She wants to, but … she can’t because of the confidentiality provisions in the settlement agreement. That puts Cain in a tough spot. Even though it’s up to the NRA, not him, to waive those provisions, the media will want to know if he thinks they should. If he says no, it looks like he has something to hide and that he’s afraid of what she might say. If he says yes, the NRA might very well issue the waiver and then this story is suddenly rolling along again. Obviously, if she wants to speak publicly, she thinks she has something damaging to say about him.
Lawyer Joel P. Bennett called on the National Restaurant Association, where the woman and Cain worked in the late 1990s, to release the woman from her written promise not to talk about the allegations or disparage the trade group.
“It is just frustrating that Herman Cain is going around bad-mouthing the two complainants, and my client is blocked by a confidentiality agreement,” Bennett said. “The National Restaurant Association ought to release them and allow them to respond.”…
“If we didn’t have a written settlement agreement that says confidential and no disparagement, I think she’d be very comfortable coming forward,” the attorney told The Post on Tuesday. “Not because she would be so hellbent on doing something to Herman Cain — I don’t know that.
“For all practical purposes, Herman Cain has already done that” — waived confidentiality, Bennett said. “But legally that might not constitute a waiver.”

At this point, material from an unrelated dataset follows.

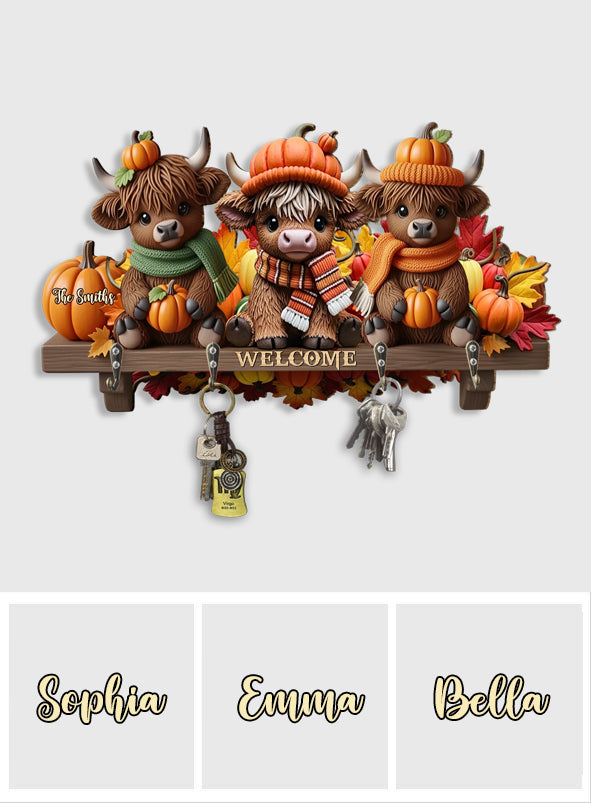 The Most Wonderful Time Of The Year - Personalized Highland Cow Custom Shaped Key Rack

Interestingly, Bennett doesn’t remember being at the NRA to negotiate the terms of the agreement and thinks it might have been handled over the phone “quite expeditiously,” in WaPo’s words. The more pro forma the process was, the more likely it seems this was a nuisance settlement and not some blockbuster allegation that made NRA lawyers scramble. That’s the good news for Cain; the bad news is that Bennett might be right about him having already breached the confidentiality agreement by publicly discussing specific details of the charges. Any employment lawyers care to weigh in on that? After yesterday’s endlessly evolving storyline about whether and when Cain knew about the settlements (click this link and cringe), I’m not even sure that he signed the agreement. Can you breach a contract whose terms you don’t know and to which you’re not a party?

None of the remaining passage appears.